AIM OF THE TASK
Leave every picture out and return the rest of the listing verbatim.

AVAILABLE DATA
################

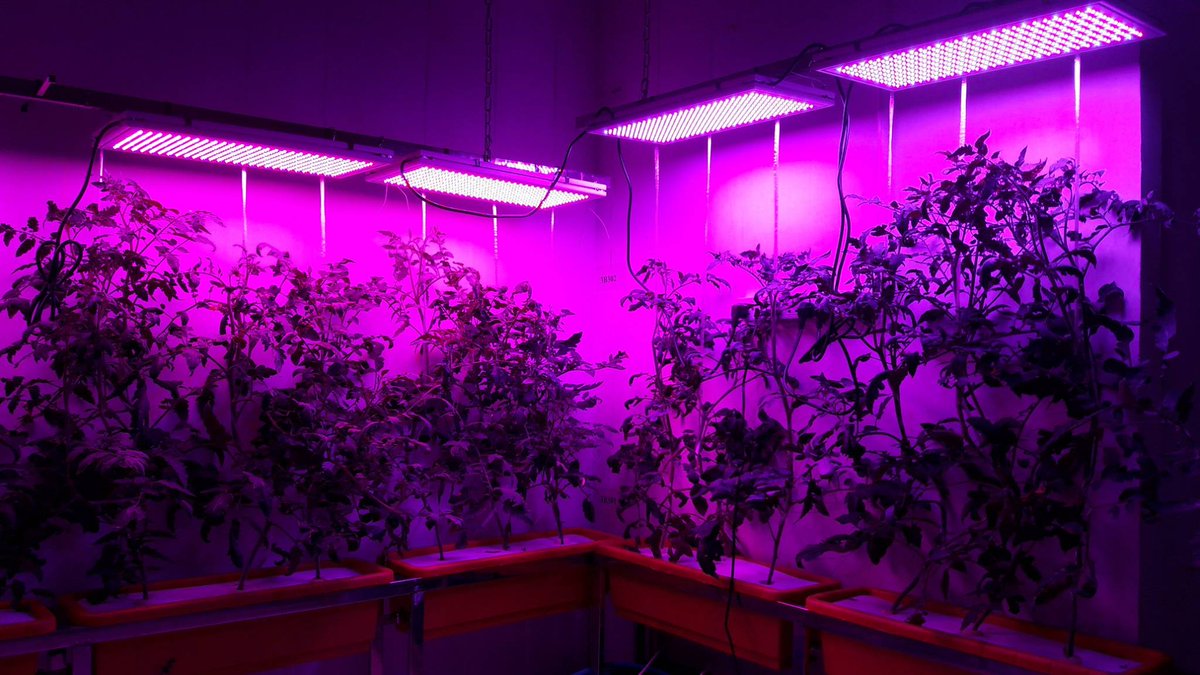 LEDGrowShop tweet picture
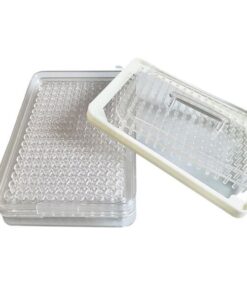 200 Holes Pharmaceutical Capsule Pill Filling Machine - Transparent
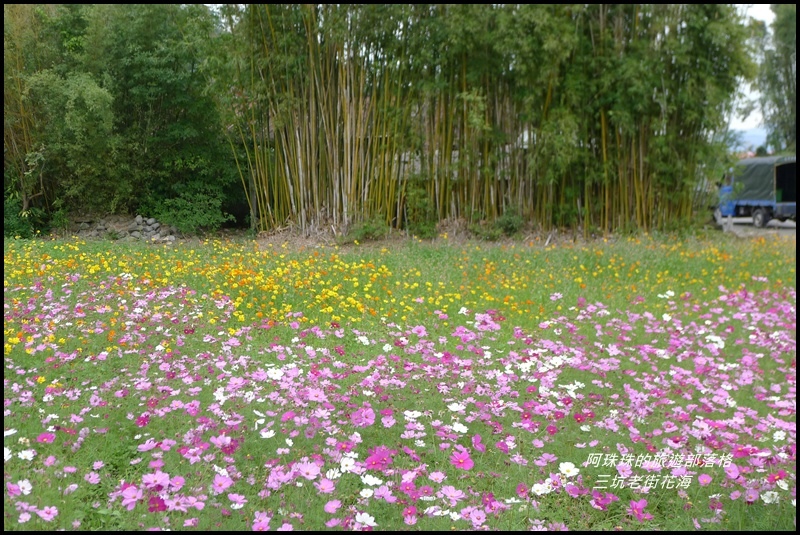 三坑老街花海24.JPG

################

RESULT BELOW
 LEDGrowShop tweet picture
 200 Holes Pharmaceutical Capsule Pill Filling Machine - Transparent
 三坑老街花海24.JPG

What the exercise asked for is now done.